I love photography, I love the outdoors and I love kayaking. What do you get when you put all three together in one place? Amazing photos, fun kayaking and life changing adventures. I’ve always heard when you are doing something you love it will never feel like work. I experienced that for ten years as a naturalist/kayak guide in the Florida Everglades and Coastal Rhode Island. During this time I fell in love with photography from a kayak in those awesome places. Every time I went out with my camera I was always rewarded with both flora and fauna opportunities to grace my viewfinder.
When you are in a kayak you can get to places that others will never have the opportunity to reach. The wildlife seem to tolerate me much more from a quiet slow moving boat. Mainly because you can be as noninvasive as you want to be. I recall one experience when two young Spoonbills flew by me in the opposite direction. My first thought was to react to my excitement, and follow the birds. I delayed just long enough to be rewarded as they returned to land just beyond me. Slowly gliding towards them, they allowed me to get very close and stabilize my kayak to begin photographing. Their fluffy white feathers were downy with a slight pink sheen as they preened themselves on a branch just above the water. I was so involved snapping off shots before I knew it fifteen minutes had slipped away as I slowly drifted down stream leaving them undisturbed. This experience was most likely one of a kind and never repeated.
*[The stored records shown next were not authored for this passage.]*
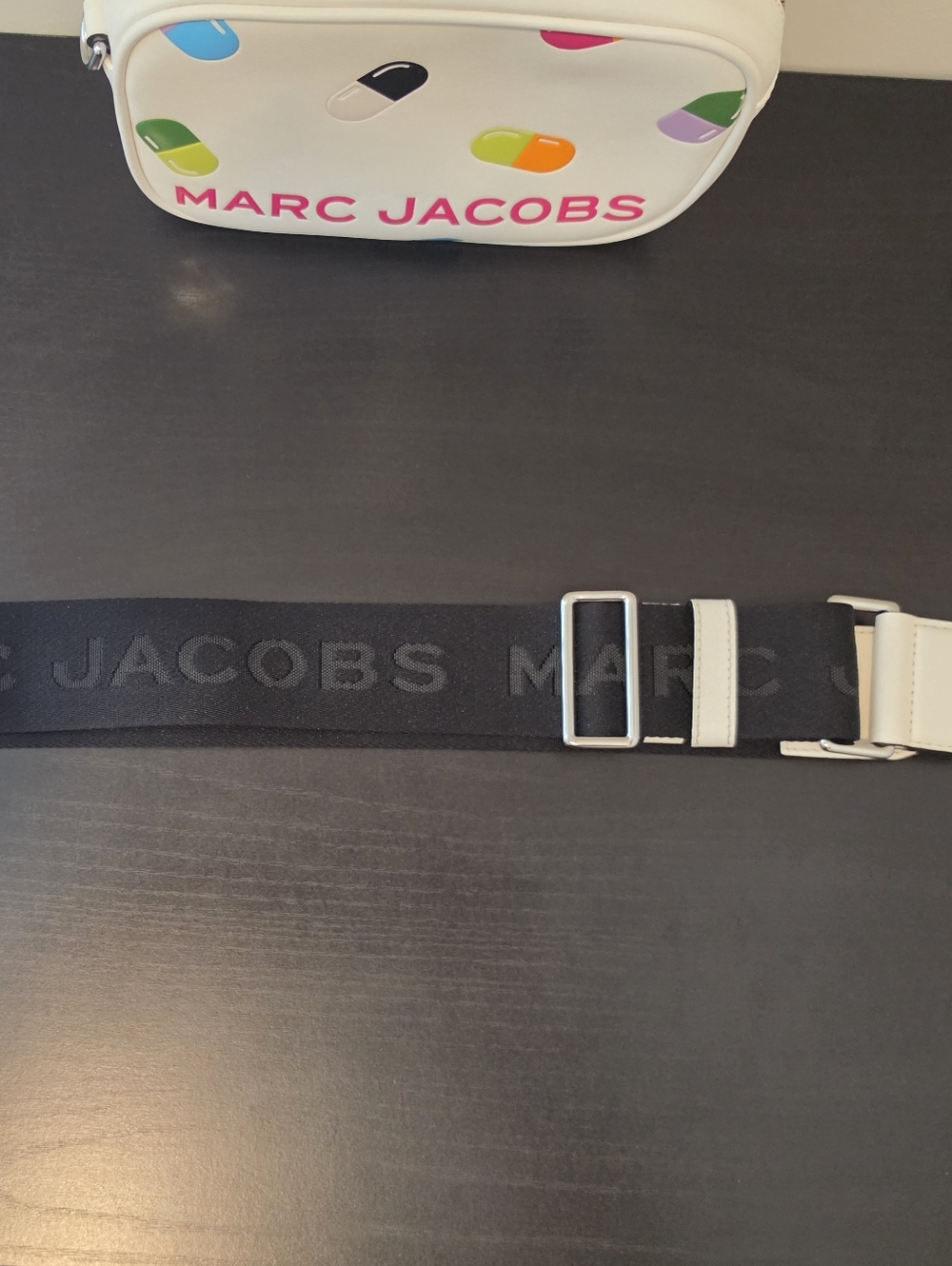 Marc Jacobs Vitamin (Pill) Camera Bag w/ Wallet & Keychain - Picture 12 of 14
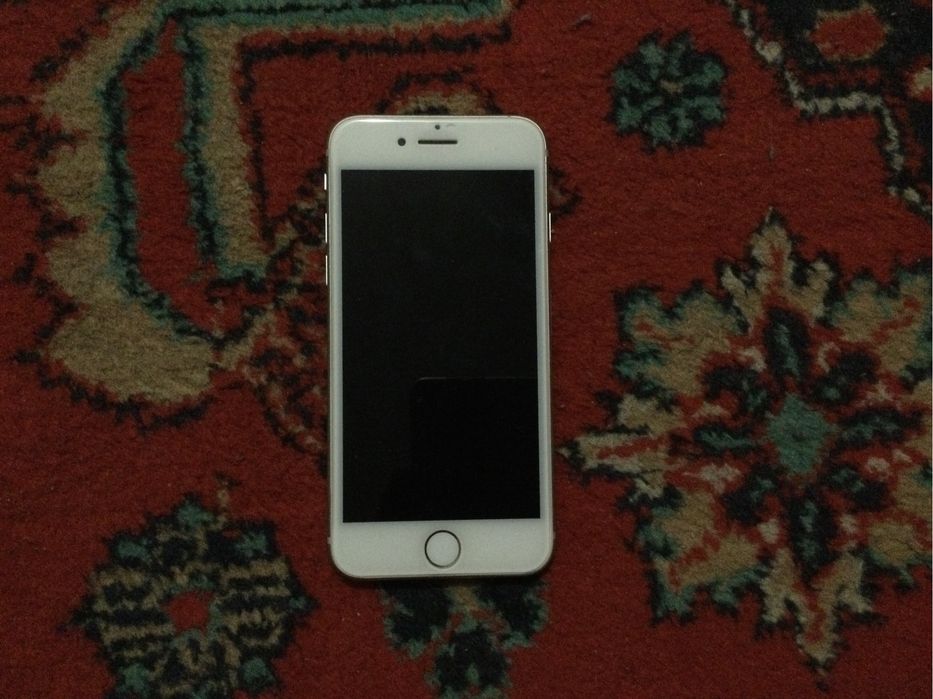 Продам Iphone 8 64GB Neverlock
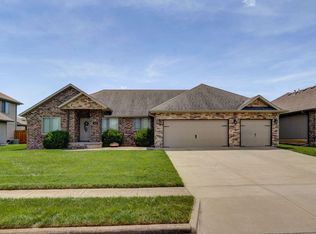 1678 E Chickamauga Dr, Republic, MO 65738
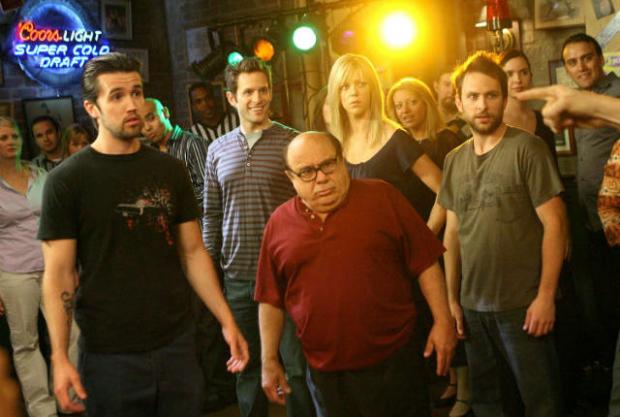 A teoria é que os personagens de It´s Always Sunny in Philadelphia não são o que eles  realmente parecem e isso será revelado no final da série. O programa é sobre um grupo de  amigos que tomam conta de um bar e sofrem de delírios loucos. Mac acha que é um valentão,  mas ele é sempre o primeiro a fugir de uma briga. Dennis acredita que ele é o que as  mulheres sempre quiseram, mas sempre precisa de métodos elaborados para seduzi-las. Sweet Dee pensa que é uma atriz talentosa, mas sempre trava quando está no palco ou na frente de muita gente. Segundo a teoria, uma foto no último episódio vai revelar a verdadeira  identidade dos personagens.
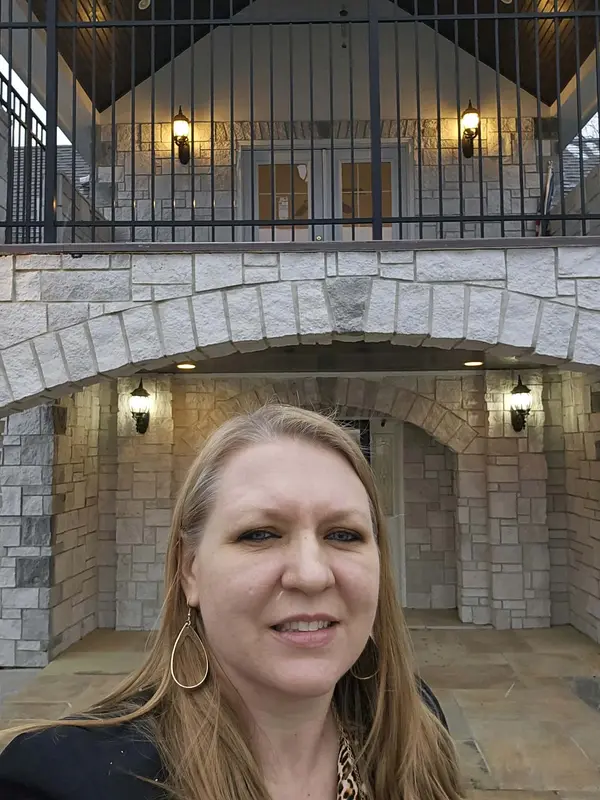 The Seller’s Disclosure in Kansas City: What Sellers Have to Share, and What Buyers Should Read Twice,Jolene Martens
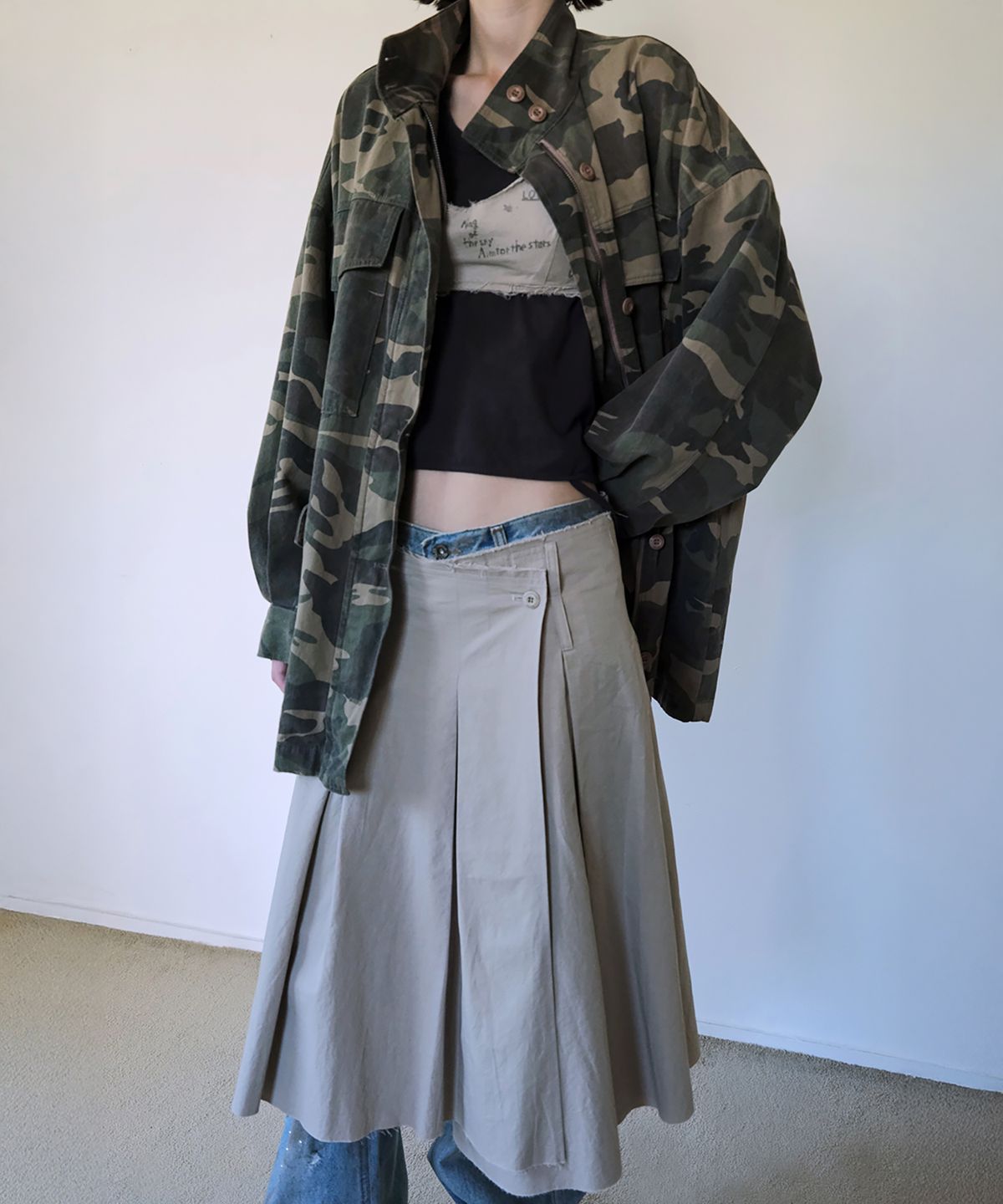 더블유케이엔디 프로젝트(WKND PROJECT) CUTTING COTTON LAYERED SKIRT (GRAY BEIGE)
Alligators are one of my favorite subjects to photograph from a kayak. It is such a privilege to experience them up close and personal. Observing an alligator swimming in an area not much wider than your kayak is so exciting you can never forget this experience. When you’re in their backyard, being slow and easy they will behave the same way they would without you. Their reflections on the beautiful black water can create mesmerizing photos. My favorite gator pictures are when I see the hatchlings sleeping on their mom’s back in the warm sunlight. Sometimes you get lucky and catch a gator yawning so big, you're shocked to realize you are looking at eighty teeth through your camera lens. One of my best photos was during mating season when I saw my favorite female, Big Momma, cuddling with Bull, her much larger male mate. If you didn’t know better it almost looks like they are smiling.
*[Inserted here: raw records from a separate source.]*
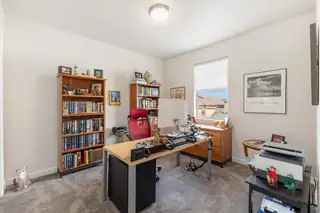 143 Suez Road NE Home Office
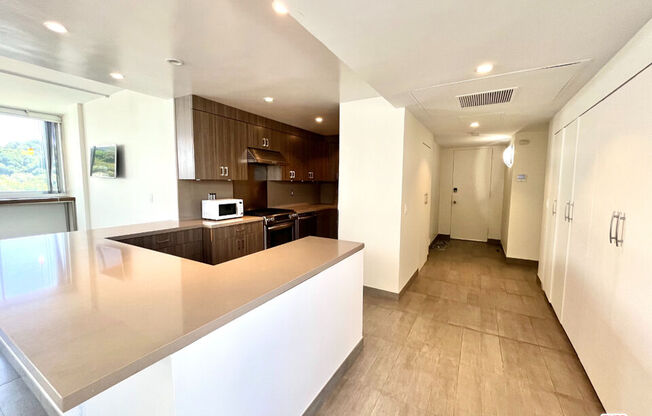 1 bed, 1 bath, 1,051 sqft, $5,400, Unit 602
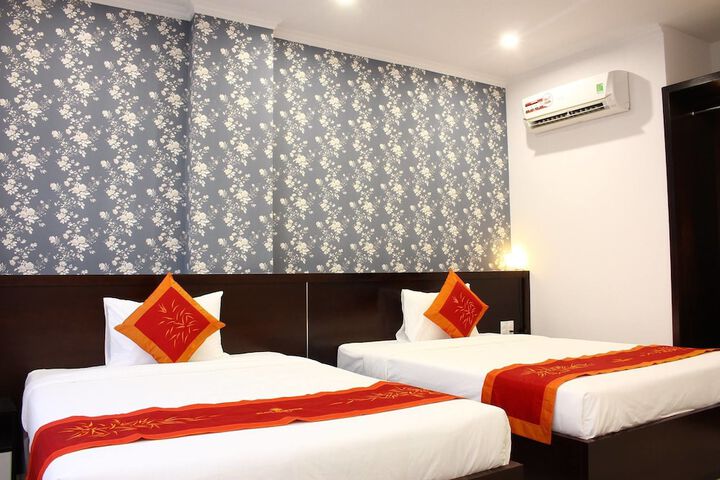 Room 32 of 53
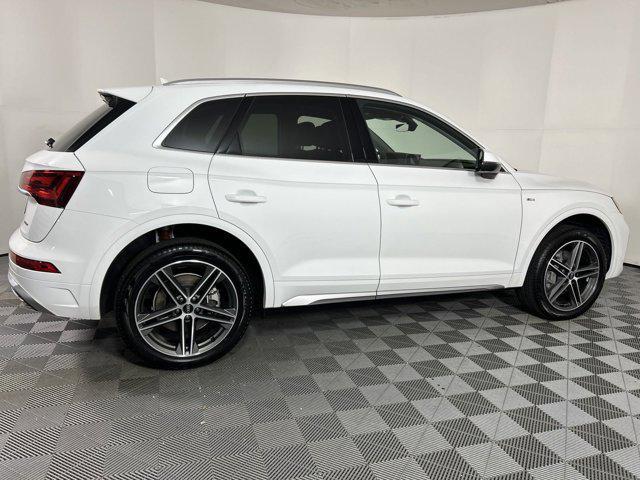 new 2025 Audi Q5 car, priced at $63,981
While in Rhode Island I almost always got pictures of fantastic sunrises, sunsets and full moon rises. These were always very special times to be out on the water. There were always plenty of good birding pictures along the Narrow River. Bald Eagles and hawks, gulls and terns, cardinals and sparrows, snowy egrets, green heron’s and the fish eating machine, double crested cormorant. The most memorable times were when the Osprey would be hovering over the water fifty feet above you. Diving straight down slamming into the water talons first, going completely under the water. Then coming up suddenly, wings immediately flapping as the water pours off with a fish struggling to free itself. Be ready to photograph as your kayak sinks lower than the surrounding cordgrass during low tide. As you round the marsh creek bend, you may find yourself eye level with a squawking great blue heron scolding you for your intrusion.
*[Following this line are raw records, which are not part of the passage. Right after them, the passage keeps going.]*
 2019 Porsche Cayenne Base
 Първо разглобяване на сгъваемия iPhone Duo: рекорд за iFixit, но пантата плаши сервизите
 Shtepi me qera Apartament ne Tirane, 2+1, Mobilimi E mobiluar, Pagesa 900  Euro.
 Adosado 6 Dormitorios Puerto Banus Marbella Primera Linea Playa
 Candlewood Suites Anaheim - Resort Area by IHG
In Big Cypress National Preserve when the wildlife was not plentiful the flora was magnificent. There was always something in bloom no matter the time of year. Of course everyone always raves over the wild orchids. They are unusual and fun to see in their natural habitat, but there’s plenty of other cool looking flowering plants. The water lilies and swamp lilies are always stunning on the river. When the bromeliads are blooming, the multiple colors are beautifully strewn through the mangrove tunnels where the epiphytes cling to the tree branches with their hair like roots. The old man's beard, (Spanish Moss), scattered around with the resurrection fern complement the flowering plants with their unique shapes and texture.
Are you starting to get the picture now, why photographs from a kayak in the wilderness are so appealing. The rewards are endless, because the peace, calm and serenity will melt your stress away. These life changing events will extend your existence more than you know. Now grab a camera and paddleon.